What has been unnerving about my visit and what may be one of the hardest parts of being unemployed is the pity. It's a terrible feeling to know that you are being pitied, it's something I've never really felt and it's far too real. I realized I was being pitied by my grandmother after I'd arrived in Madison last night. We had a conversation in which she referred to this phase in my life as a "bump." I always thought of divorces as pitiable "bumps," car accidents, deaths and addictions; to hear the word come from my grandmother about me, made me want to cry. The rest of my relatives behaved very strangely toward me as well. I take umbrage with my dad for telling them about my employment predicament*. It's not really any of their business and being thought of as my father's "troubled son" is neither helpful nor accurate, but as I sat down to eat with everyone, I couldn't help feeling like that's exactly what I was to them.
After my visit with my grandparents who are in enviable spirits and health, I went to a bar to meet John, a close friend of mine, and his girlfriend Jane (a combination of names with a pleasant alliterative flow, don't you think?). John is in med school and some of his classmates had put together a band that was playing a show. The band was terrible but considering their future day jobs, they can afford to be bad. Jane is currently employed at the Childrens Museum in Madison. She too was a liberal arts major; she studied journalism and mass-com. We drank some had a conversation about the dearth of viable employment in our desired fields (I told her I was recently laid off again though it's something I generally try to avoid leading with in a conversation; the title "unemployed" comes with no small amount of shame). The J School at Madison is competitive, you have you apply to get in and maintain a minimum GPA to stay in. Jane was a successful student but since graduation the closest she's come to working in her field is an unpaid internship at Madison's public radio station. It was relieving to talk to her about shared frustrations. She lamented the death of print journalism and how unclear it was that the labor market was so weak and what that meant when she decided to follow a comprehensive and expensive path into the field. Maybe twenty years ago a journalism degree was as apt to get someone a job as an engineering degree is today but I don't know. All I know is that now, many people like Jane and I are left basically singing the same tune, various versions of the liberal arts blues (I knew I'd shoehorn the title in here somewhere!).
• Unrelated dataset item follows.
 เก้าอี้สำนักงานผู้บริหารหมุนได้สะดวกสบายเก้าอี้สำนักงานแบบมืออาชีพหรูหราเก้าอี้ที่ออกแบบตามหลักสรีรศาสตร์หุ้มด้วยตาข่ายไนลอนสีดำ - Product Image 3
After the mediocre band comprised of very smart people finished playing, the three of us went to a second bar to meet some old friends and acquaintances. The prodigious amount of beer I'd drank by then had begun to assuage the malaise that my family had left me in but finding the crew of old friends, not seen for some time, all variously employed in engineering, med school and law school gave me a new twinge of ambivalence. I'm happy for the continuing successes of all of my friends but comparisons are inevitable and often hurtful. And if the students I saw on the street looked like children, my old friends looked startlingly like men. By the end of the night -- though I was very happy to have seen everyone -- I was feeling a bit small (I also played pool and played very badly). I was ill at ease and restive and as I thrashed in my sleeping bag on John's floor, the conversation I'd had with my grandmother repeating itself in my mind. I contemplated just leaving town in the morning least be faced with the humiliation of pity all over again during the next day's birthday celebrations. If I left I wouldn't have to be confronted with the fact that, contrary to how I feel, my family thinks all I'm capable of is wasting time.
PS* While I was standing in the shower today, I realized I was the one who blurted out, upon my arrival in Madison that I no longer had a job. I told my grandparents I'd lost my job over dinner my first evening there. I think they asked how the job was going and I said something like "it's gone." I apologize for the mistake, no umbrage taken towards you, Dad.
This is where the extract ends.